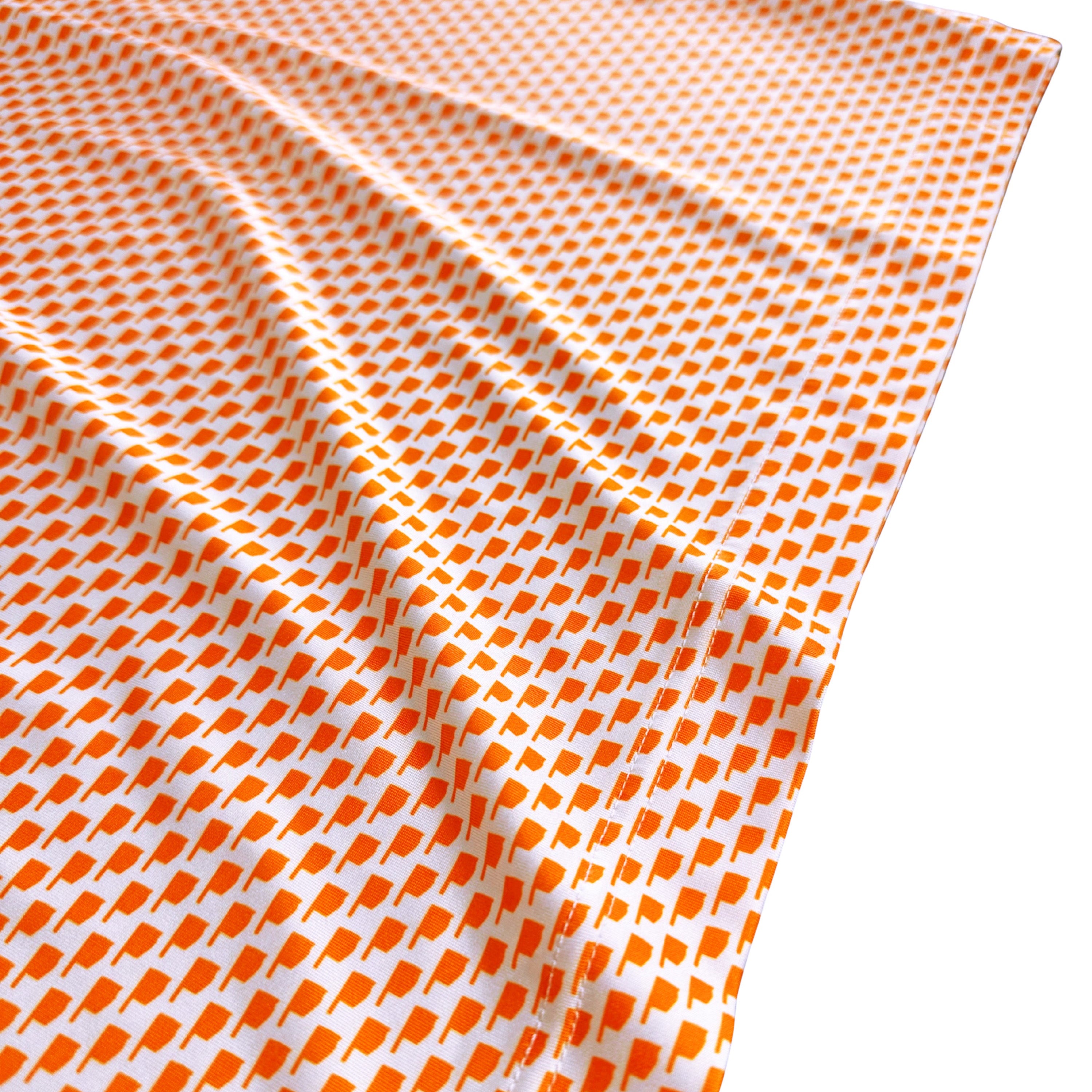 Orange and white checkered fabric on a white background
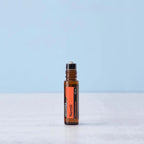 Roll-On Neroli Touch doTERRA 10ml — frasco em mármore branco fundo azul claro, aromaterapia neroli doTERRA Portugal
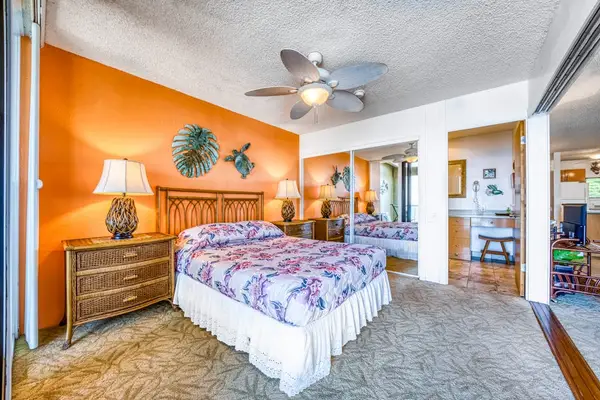 Cozy bedroom featuring a comfortable bed, bedside nightstand, ceiling fan, and mirrored closets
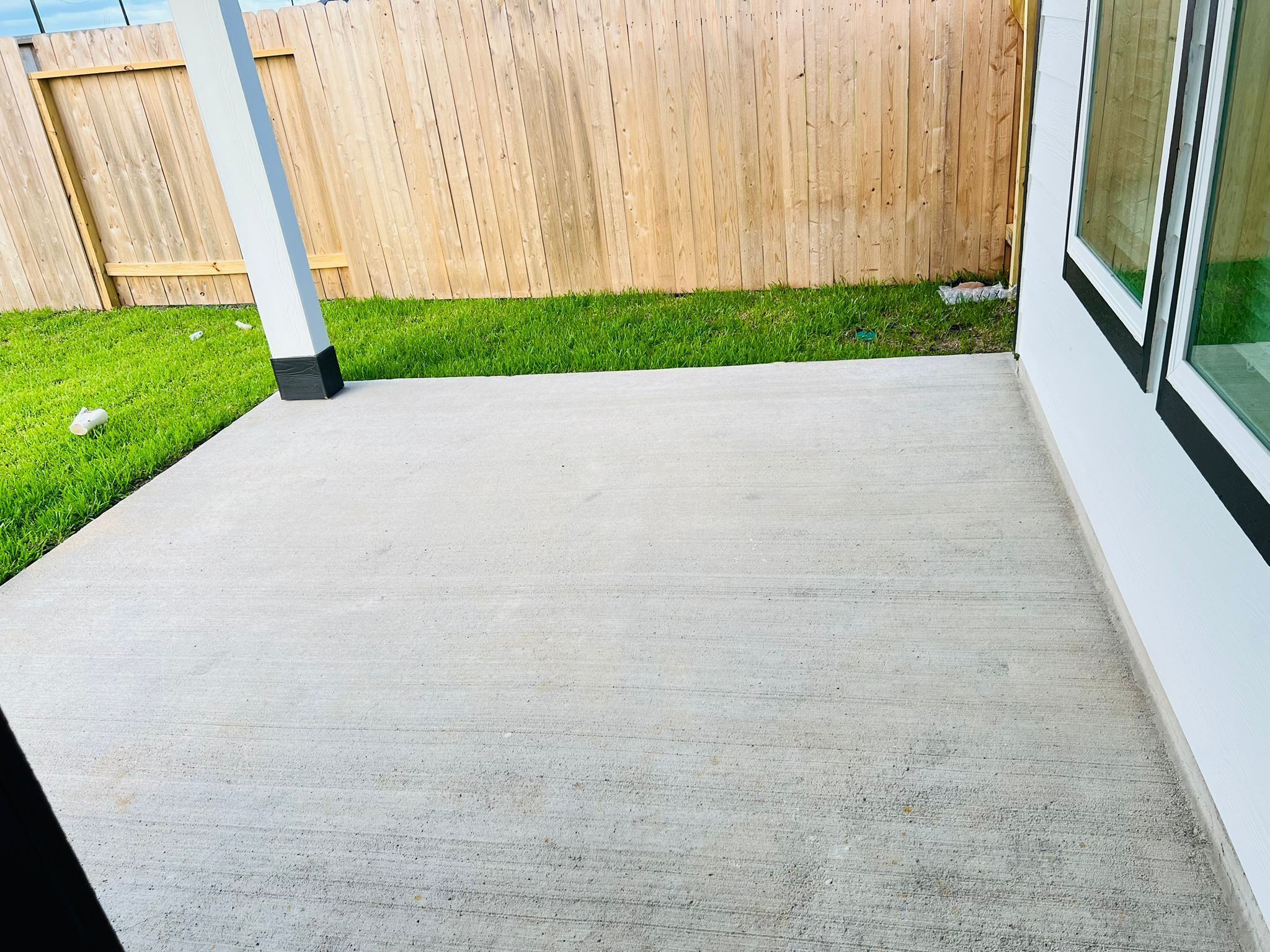 Une terrasse en béton, avec une clôture en bois et une pelouse verdoyante en arrière-plan.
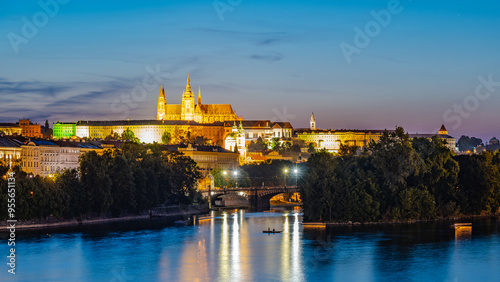 Prague Castle and the Vltava River are illuminated at night, with a small boat rowing across the water in the foreground. The reflections of the lights on the river create a mesmerizing scene.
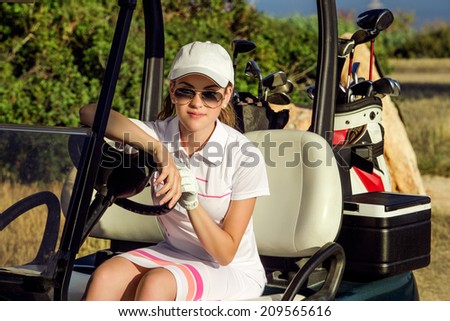 young female golf player on golf cart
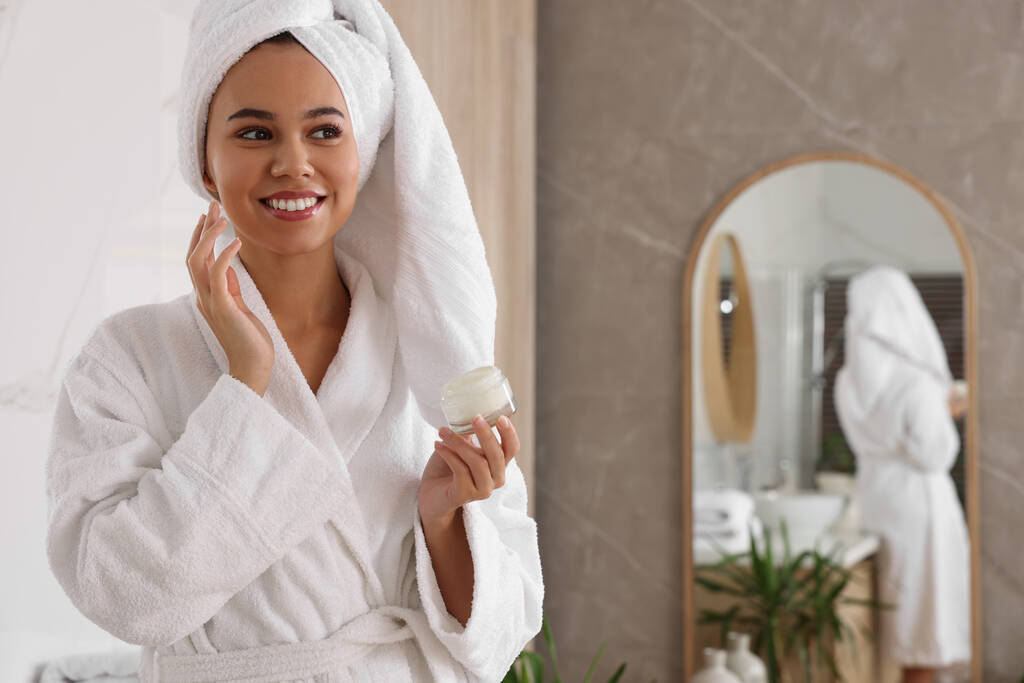 Hermosa mujer afroamericana aplicando crema en la cara en el baño, espacio para el texto - Foto, imagen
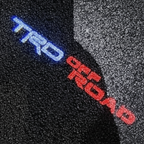 TRD Off Road LED Puddle Light — Top Down Projection on Wet Asphalt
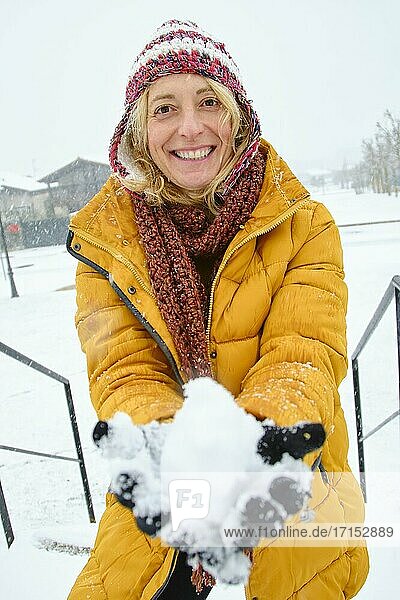 Kaukasische junge Frau macht einen Schneeball im Freien im Winter. Navarra  Spanien  Europa.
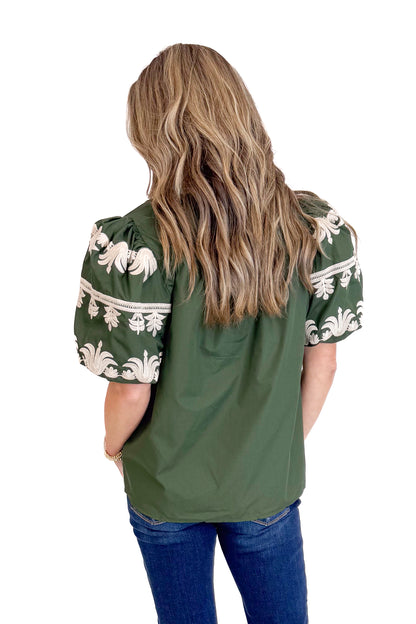 Green blouse with white floral patterns on a white background
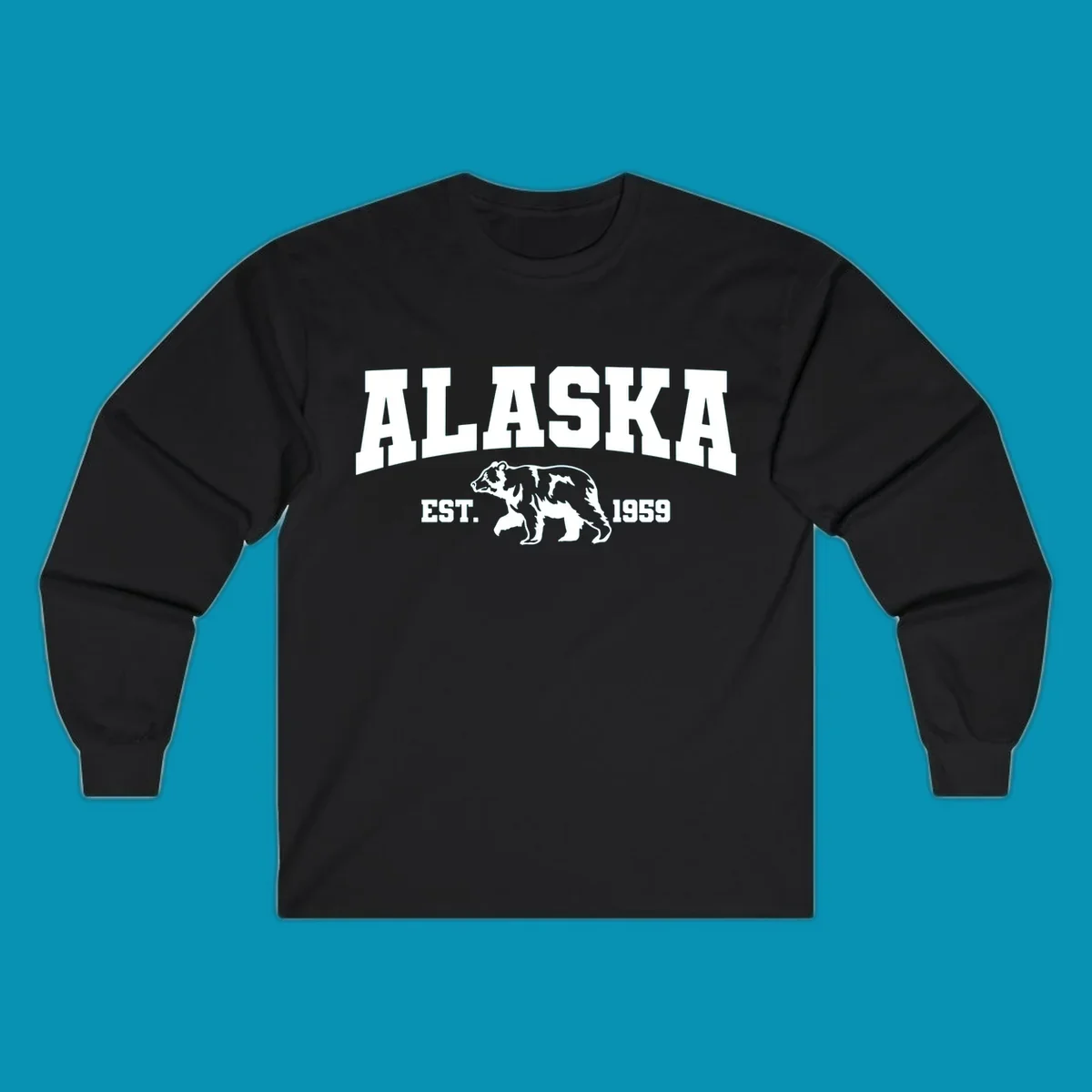 Vintage-style Alaska bear design with distressed lettering, established 1959, featuring pine trees and wildlife illustration
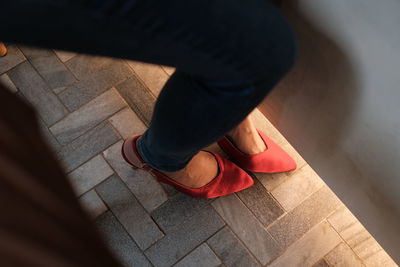 Low section of woman standing on tiled floor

-- How to complete this task --
Output every record verbatim, excluding any picture it contains.

-- Result of this exercise --
 Orange and white checkered fabric on a white background
 Roll-On Neroli Touch doTERRA 10ml — frasco em mármore branco fundo azul claro, aromaterapia neroli doTERRA Portugal
 Cozy bedroom featuring a comfortable bed, bedside nightstand, ceiling fan, and mirrored closets
 Une terrasse en béton, avec une clôture en bois et une pelouse verdoyante en arrière-plan.
 Prague Castle and the Vltava River are illuminated at night, with a small boat rowing across the water in the foreground. The reflections of the lights on the river create a mesmerizing scene.
 young female golf player on golf cart
 Hermosa mujer afroamericana aplicando crema en la cara en el baño, espacio para el texto - Foto, imagen
 TRD Off Road LED Puddle Light — Top Down Projection on Wet Asphalt
 Kaukasische junge Frau macht einen Schneeball im Freien im Winter. Navarra  Spanien  Europa.
 Green blouse with white floral patterns on a white background
 Vintage-style Alaska bear design with distressed lettering, established 1959, featuring pine trees and wildlife illustration
 Low section of woman standing on tiled floor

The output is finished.